Here’s why today’s journalists need to be living the ‘tweet’ life
WHEN disaster hits, journalists still race to get to the scene first – but these days someone else is likely to beat them to it.
After devastating earthquakes hit Canterbury and Japan, most first accounts didn’t come from trained reporters and camera operators, but from dozens of “ordinary” people posting videos, still pictures and personal stories on You Tube, Twitter and Facebook.
That’s where mainstream media head now, even before the first staff can get out the newsroom door.
In Christchurch, a Press videographer had dramatic footage posted on Stuff within three and a half hours of the February 22 earthquake.
But he was well behind amateur footage of the cliff-face collapse that destroyed the Sumner RSA. He admitted in his video he had been on the street without his camera when the quake struck and had to go back to the office to grab it.
Global media giants like CNN carried excellent coverage from amateurs that had been posted on You Tube before their own people could get anywhere near the vast damage caused by the tsunami.
Social media has given news outlets, especially internet based platforms, the chance to show the voices of citizen journalists on a much wider scale, says Greer McDonald, social media editor for FairfaxNZ’s Stuff website.
For her, the February 22 earthquake was a different experience to the one which hit the region last September.
She woke up to that one. “I felt it and I went on Twitter and saw it was a big one.
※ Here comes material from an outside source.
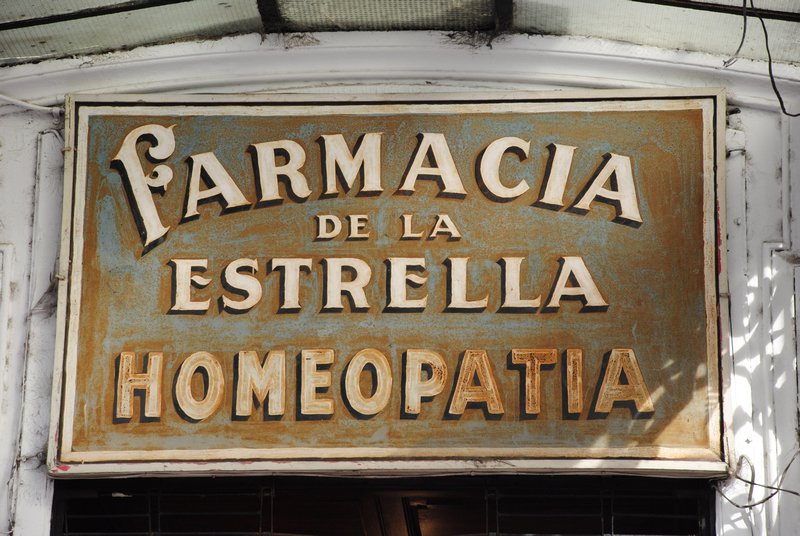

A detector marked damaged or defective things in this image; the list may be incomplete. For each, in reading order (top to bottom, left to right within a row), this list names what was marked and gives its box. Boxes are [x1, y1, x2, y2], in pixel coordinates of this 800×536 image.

corroded metal surface [50, 94, 724, 476]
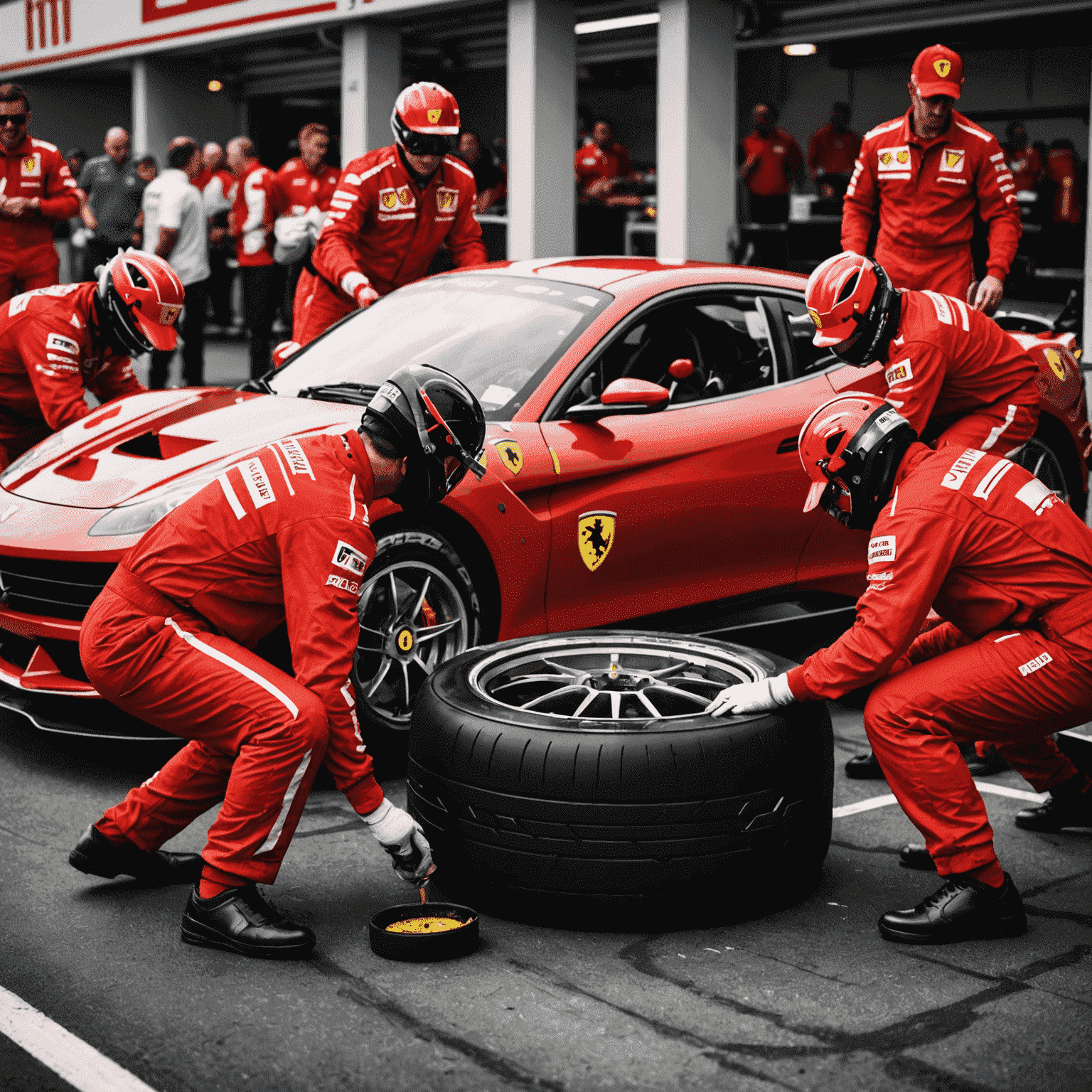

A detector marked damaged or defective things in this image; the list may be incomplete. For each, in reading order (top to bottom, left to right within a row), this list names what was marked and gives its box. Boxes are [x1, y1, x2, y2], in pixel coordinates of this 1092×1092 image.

I rang the office and I was in the office within half an hour with five other people.
“In that example, we had a gallery of 75 images of the quake by 8.30 in the morning (just a few hours after the event) and not one of them was taken by a Fairfax photographer. They were all reader pictures.”
In February, first images of the quake were coming in to Stuff concurrently from readers and Fairfax staff who were already out on other assignments.
“Once (Christchurch) had internet connection, we had a really steady flow through, which was a very different scenario.
“In September, we relied on the Twitter community quite strongly to provide us details, whereas this time we knew the details for ourselves because our own staff were involved. It was a different kind of dynamic that time.”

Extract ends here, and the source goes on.